Taxonomies, used in conjunction with company ontologies, have proven to be a highly efficient structure for organizing structured and unstructured content. Taxonomies are therefore highly desirable, indeed a critical component of any sizable information management structure, be it a content management system, Intranet or portal.

Properly used and designed, taxonomies provide a consistent, scalable, stable means of organizing even vast quantities of data. They provide a navigable foundation enabling the logical, intuitive access of data. Improperly designed, taxonomies become a maintenance nightmare. The following is a conceptual explanation of the tenets of good taxonomy design as the basis for an information or knowledge management system.

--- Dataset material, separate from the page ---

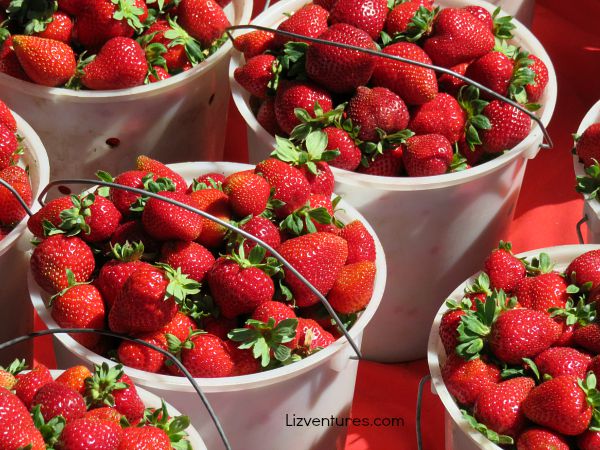 fresh strawberries from T&Y Strawberry Patch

Taxonomy development and (document) content indexing processes should be completed as the first phase of any information management or knowledge management design. Here's why.

Taxonomies are collective tools that reduce complexity by suggesting a logical, ontological, i.e. culturally founded, hierarchical representation of categories. Indexing represents the process of applying these ontologies to any particular document's content in order to normalize its content. By passing through the indexing process, the document is consistently aligned against a taxonomic standard.

If, on the other hand, you organize data based on the experience or perspective of a given set of people--even subject matter experts--you will need to rebuild your organizational structure each time something changes, for example when a "new" expert is added, or a different or additional set of terms needs to be considered, etc. Indexing on the basis of a group of individual perspectives effectively shatters any attempt at establishing corporate consistency into a multitude of insupportable idiosyncrasies.

The taxonomy development and indexing phase therefore is intentionally user independent and driven entirely by content. Its goal is the creation of a stable, foundational structure that supports a corporation's need to properly and consistently index its corpus of data.

It is not until the second phase of knowledge management system design, the dynamic classification phase, that you tap into individual expertise. This phase of development supports the real-time classification of information--from the users perspective--to providing tolls enabling the user to "slice and dice" data in the way that makes the most sense to them given their unique perspective and the problem they are trying to solve at the time. The success of an individual's ability to classify data in this way, however, depends upon the proper and successful completion of the taxonomy design and content indexing phase.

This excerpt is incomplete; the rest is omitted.